Data for this task Start Marker

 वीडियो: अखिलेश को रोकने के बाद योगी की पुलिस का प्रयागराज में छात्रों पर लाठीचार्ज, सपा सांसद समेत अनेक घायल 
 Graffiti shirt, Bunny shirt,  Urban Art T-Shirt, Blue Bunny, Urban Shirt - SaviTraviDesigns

Data for this task End Marker
Data for this task Start Marker

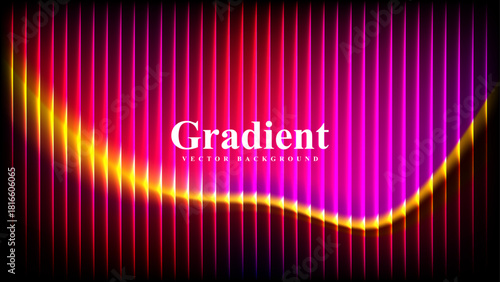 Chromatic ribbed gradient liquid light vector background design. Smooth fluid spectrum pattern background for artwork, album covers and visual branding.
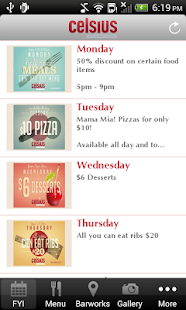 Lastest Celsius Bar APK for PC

Data for this task End Marker

- _About this exercise_:
Reproduce exactly, and with no other material, the lines between those holding "वीडियो: अखिलेश को" and "Graffiti shirt, Bunny", inclusive.

- _Output of the task_:
 वीडियो: अखिलेश को रोकने के बाद योगी की पुलिस का प्रयागराज में छात्रों पर लाठीचार्ज, सपा सांसद समेत अनेक घायल 
 Graffiti shirt, Bunny shirt,  Urban Art T-Shirt, Blue Bunny, Urban Shirt - SaviTraviDesigns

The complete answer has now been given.